I love being in the woods, I always did. As I child would be found most of the time either in the wood behind our house, spring, summer, autumn or winter. While I am writing this I am aware that the wood north-west of our house has been calling me for days. “Come over to us”, it says in a gentle voice, “it is cool here. Get out out of that dreadful heat.” And it’s true, the thermometre indicates 36° C today, in the woods it would be a little fresher. “Here, the blackberries are ripe, didn’t you want to make jam? And the elderberries too!”, another voice is trying to seduce me.
And then there is Antonio Rosetti luring me too, reminding me of the fun we had as children in the woods.
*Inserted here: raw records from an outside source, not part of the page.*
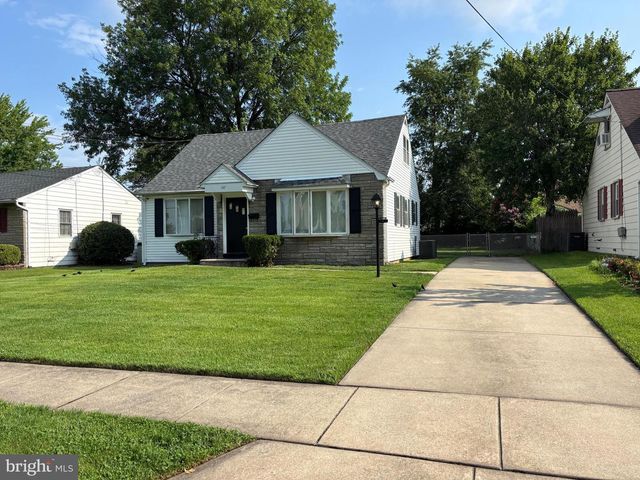 147 RUSSELL AVE, Barrington, NJ 08007
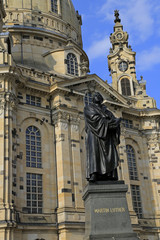 Fototapeta na wymiar Dresden: Das Luther Denkmal vor der barocken Frauenkirche 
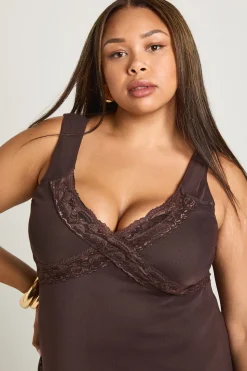 Robe Nuisette en Dentelle Plus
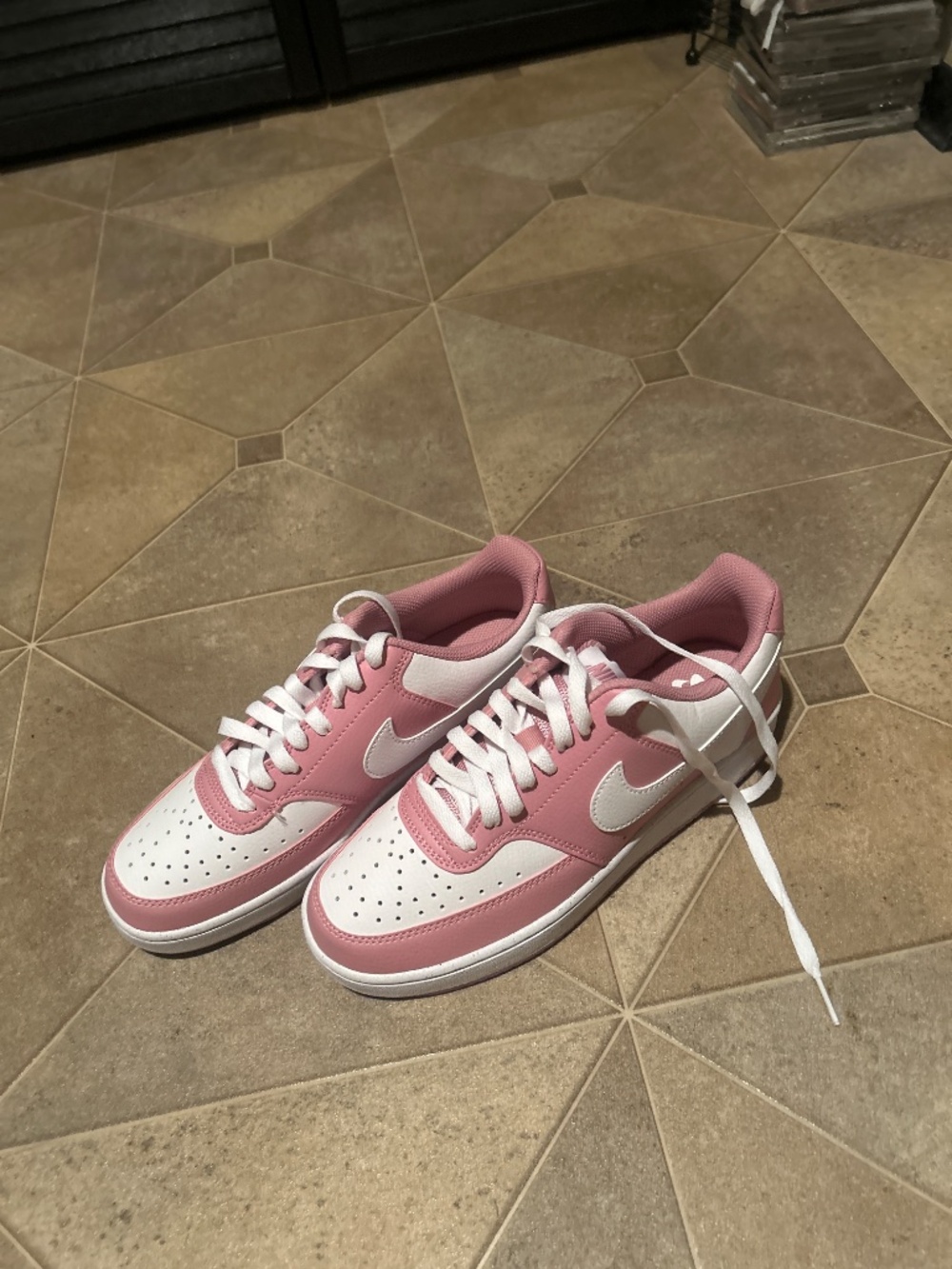 Women’s Nike sneakers - Picture 3 of 4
In 1786 he published the score of a wonderful Symphony in D major “La Chasse” (The Hunt), Murray A20/Kaul 1:18. Though I have little sympathy for hunters, the first movement is evoking the games we played like hide and seek, roaming through the copsewoods, discovering all kind of mysteries, hunting for treasures etc. It was such a good time we had. And Rosetti’s symphony on a recording by the Concerto Köln wakes up these souvenirs. The second movement is a beautiful romance and as such it has been labeled by Rosetti, while the third movement is closer to the first movement, agitated, dynamic: menuetto maiestoso. The finale starts and concludes on a solemn note, with a dynamic, joyful part for the brass in the middle.
In an earlier post about Rosetti, who was actually born in Bohemia as Anton Rössler, I have covered already the milestones of his career as a composer. He wrote this symphony while serving a German nobleman, Kraft Ernst, Prince of Oettingen-Wallerstein. It is written in four movements and scored for two flutes, two oboes, two clarinets in A, two bassoons, two horns in D, two trumpets in D, timpani, strings (incl. two violas). It recalls very much the entertaining symphonies that Joseph Haydn had written, which hardly comes as a surprise as imitating haydn had become a European fashion. “Critics praised [Rosetti’s] gift for lyrical melody and his imaginative orchestration”, writes Dieter Steppuhn of the International Rosetti Society.